[Provided material Boundary: Start]

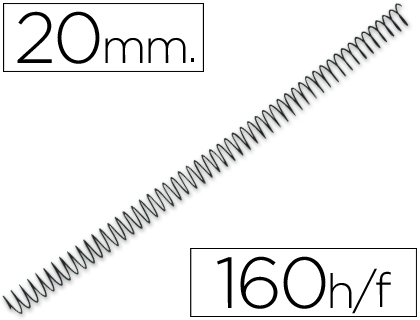 Espiral Q-Connect Metalico 64 5:1 20mm 1,2mm (100 Unidades)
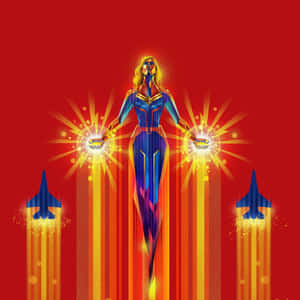 Get Ready For A High-powered Adventure With Captain Marvel 2 Wallpaper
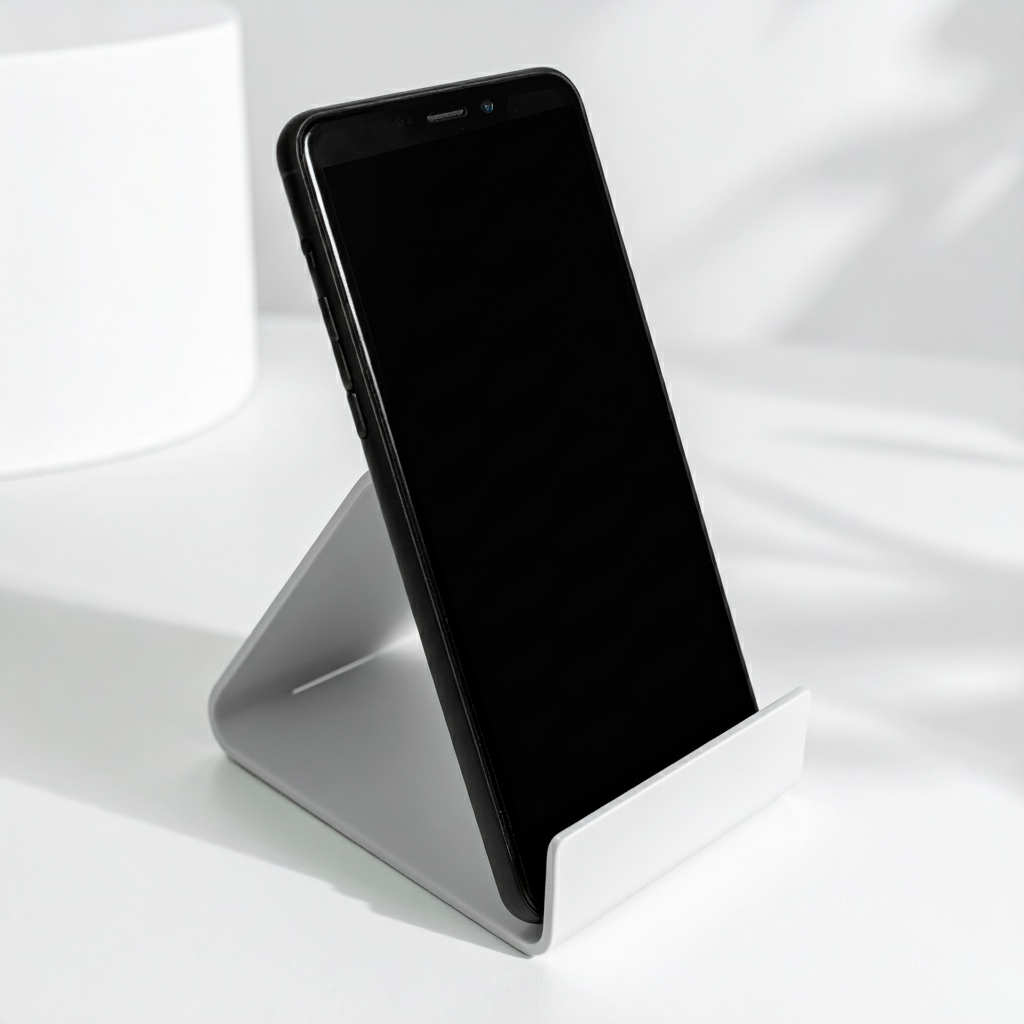 White Small Easel-Style Cell Phone Display — Acrylic Stand – clear acrylic display stand for retail, showroom, or countertop use, size . Made in the USA by WebAcrylics.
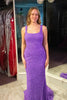 Load image into Gallery viewer, Purple Mermaid Square Neck Long Sequined Prom Dress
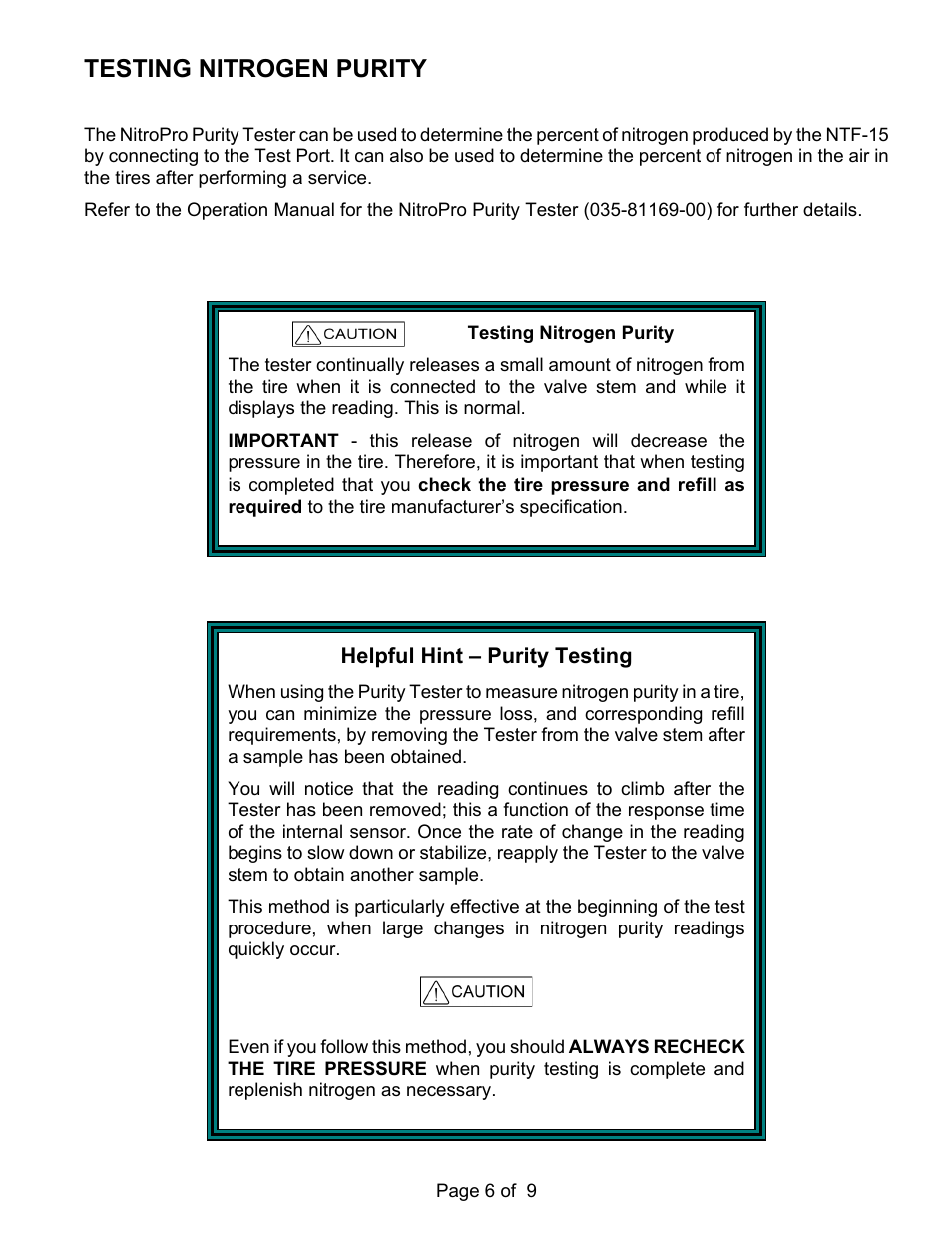 Testing nitrogen purity | MAHLE RTI NTF-15 User Manual | Page 8 / 11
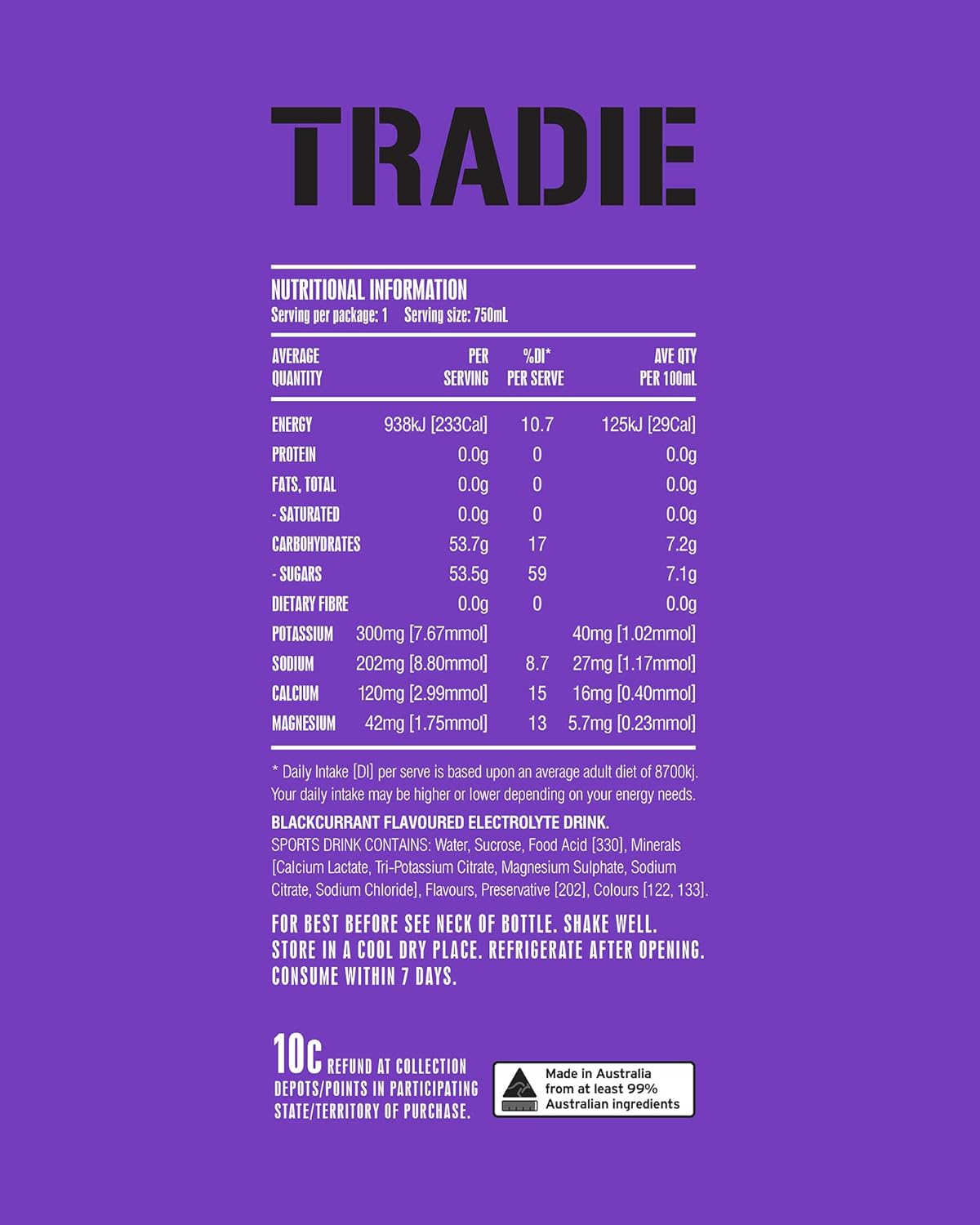 TRADIE BONZA BLACKCURRANT Sports Drink 12 X 750Ml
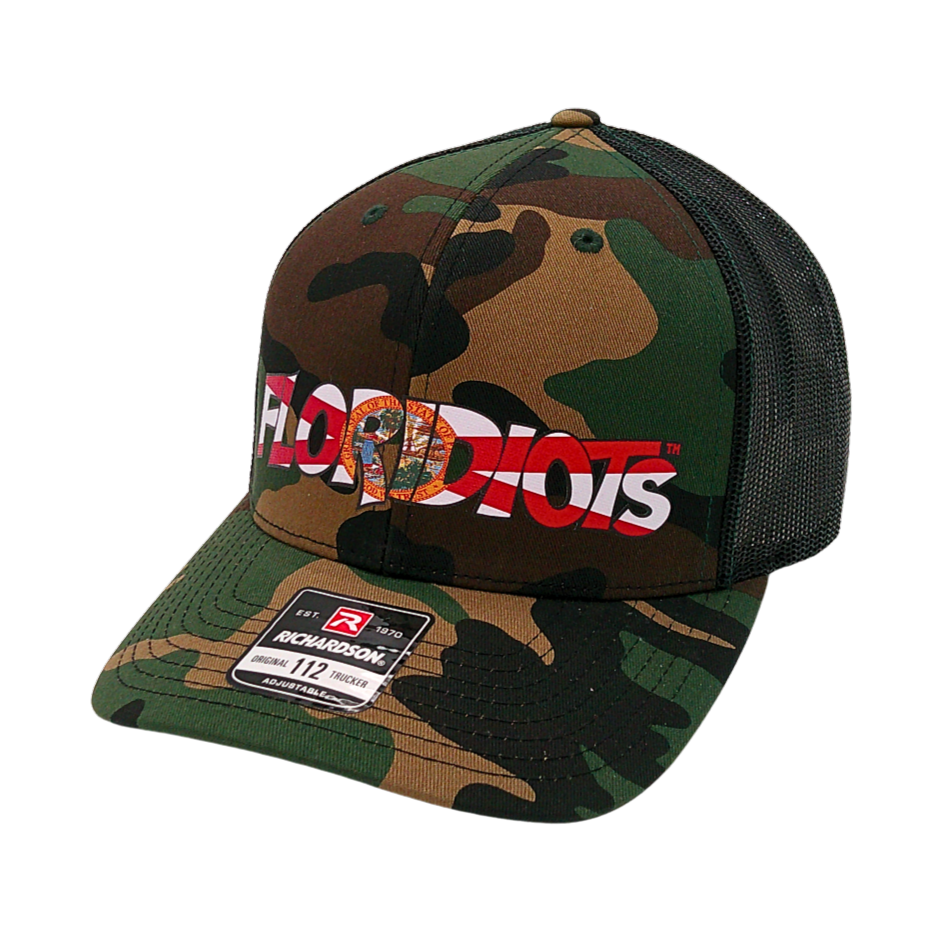 Floridiots Vinyl Logo Camo Trucker Hat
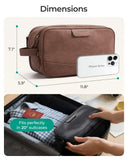 BAGSMART Large Toiletry Bag for Men, Soft Matte PU Leather Travel Bag for Toiletries, Dopp Kit Water Resistant Shaving Bag for Bathroom Shower - Dark Brown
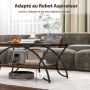Coffee table, 2-tier, Brown/black, 100 × 50 × 45 cm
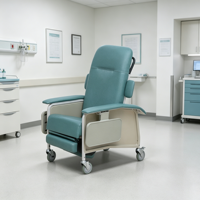 Fauteuil inclinable médical réglable avec poteau porte-perfusion, repose-pieds et roues verrouillables pour dialyse et chimiothérapie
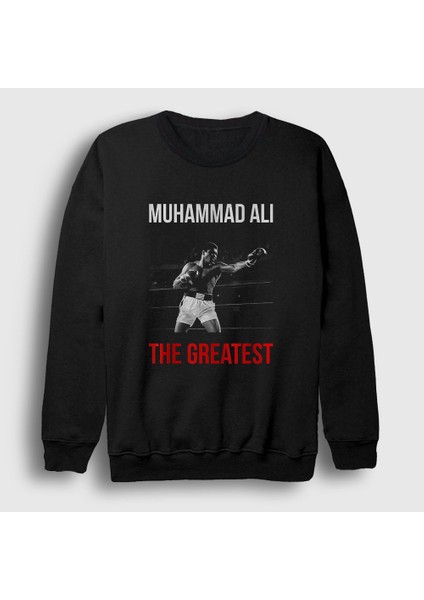 Unisex Siyah Great Boxing Boks Muhammad Muhammed Ali Sweatshirt
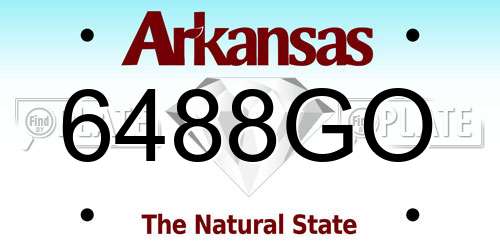 6488GO Arkansas License Plate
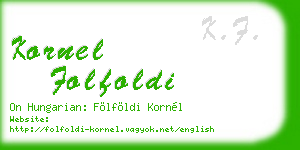 kornel folfoldi business card
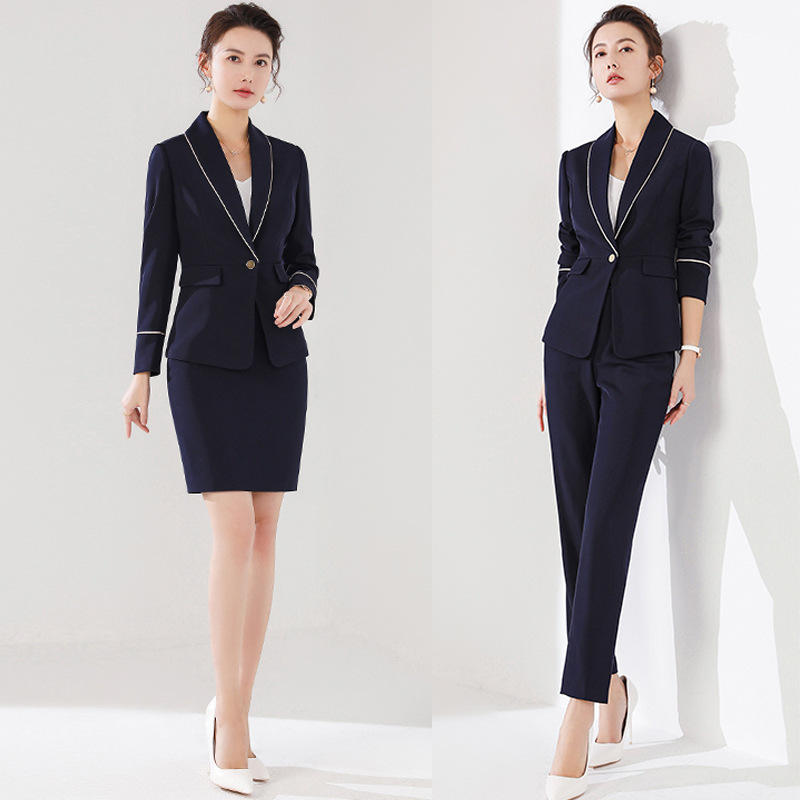 商务西服面试套装女教师正装银行公务员上班工作服大学生时尚西装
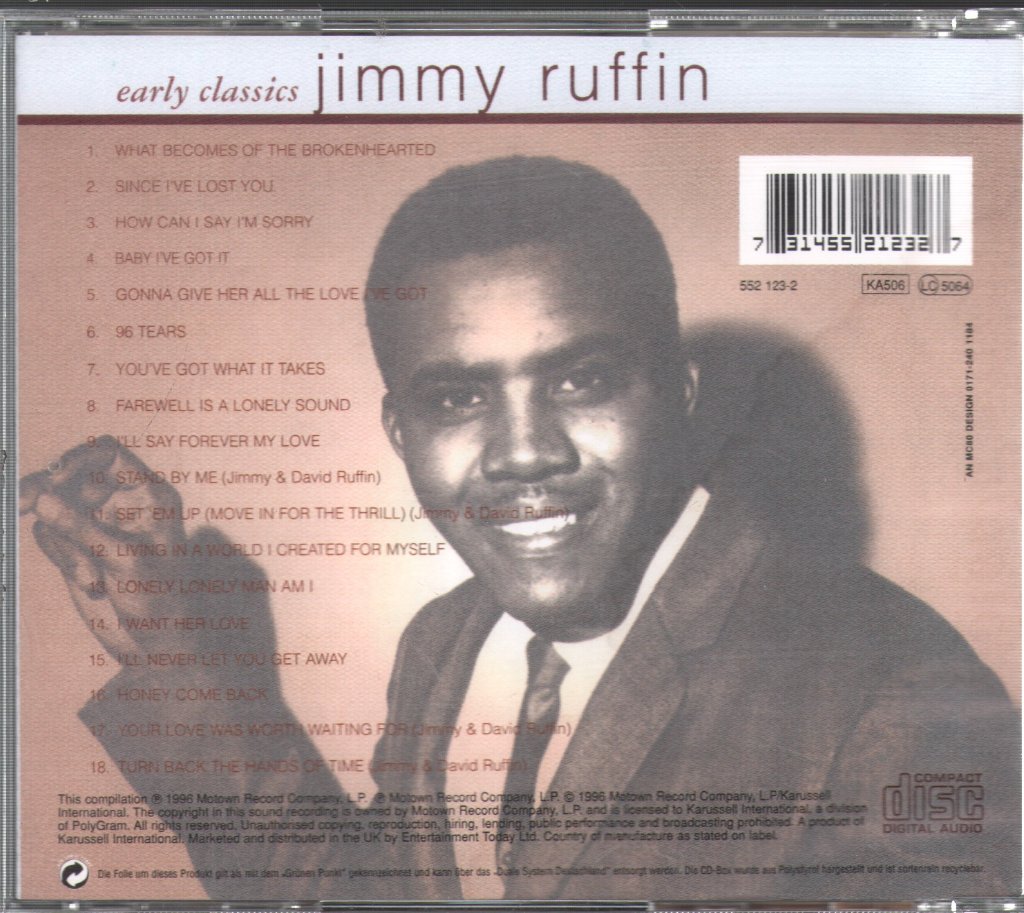 Jimmy Ruffin - Early Classics - Cd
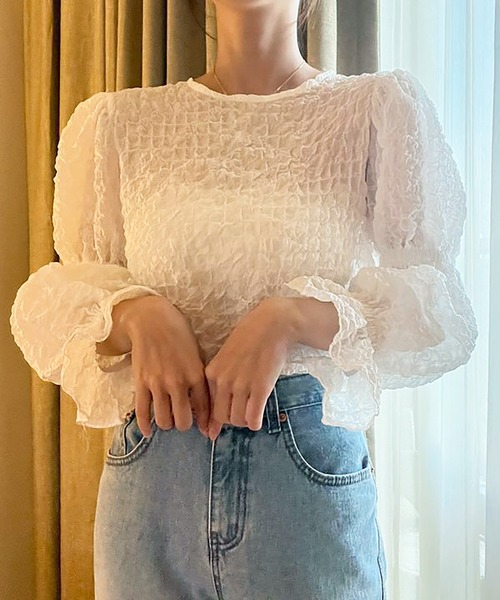 LAFFMO(ラフモ)の「ワッシャーパフスリーブブラウス(シャツ/ブラウス・レディース・モカ/ホワイト/ブラック・F)」の18枚目の写真
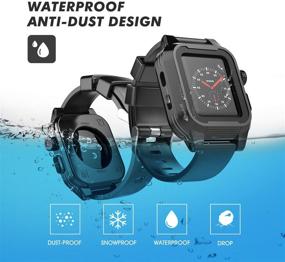 img 3 attached to Водонепроницаемый чехол для Apple Watch 38 мм - Mangix ударопрочный прочный защитный чехол с встроенным защитным экраном и мягкими ремешками (черный) - серии 3 и 2 38 мм.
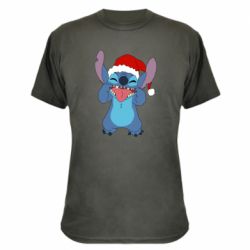 Камуфляжная футболка Новогодний Стич - PrintSalon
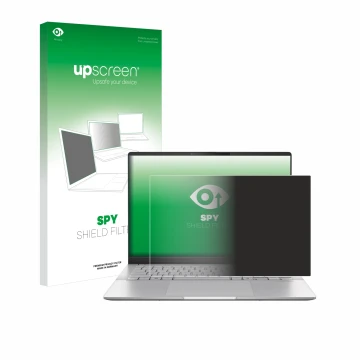 Parte frontale di una confezione del prodotto con il logo del marchio upscreen. Accanto è raffigurato il dispositivo ASUS Vivo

[Provided material Boundary: End]

■ Try it:
Nothing but the lines from the line with "6488GO Arkansas License Plate" through the last line of the data above should be printed, exactly as written and without pictures.

■ Reply to the task:
 6488GO Arkansas License Plate
 kornel folfoldi business card
 商务西服面试套装女教师正装银行公务员上班工作服大学生时尚西装
 Jimmy Ruffin - Early Classics - Cd
 LAFFMO(ラフモ)の「ワッシャーパフスリーブブラウス(シャツ/ブラウス・レディース・モカ/ホワイト/ブラック・F)」の18枚目の写真
 img 3 attached to Водонепроницаемый чехол для Apple Watch 38 мм - Mangix ударопрочный прочный защитный чехол с встроенным защитным экраном и мягкими ремешками (черный) - серии 3 и 2 38 мм.
 Камуфляжная футболка Новогодний Стич - PrintSalon
 Parte frontale di una confezione del prodotto con il logo del marchio upscreen. Accanto è raffigurato il dispositivo ASUS Vivo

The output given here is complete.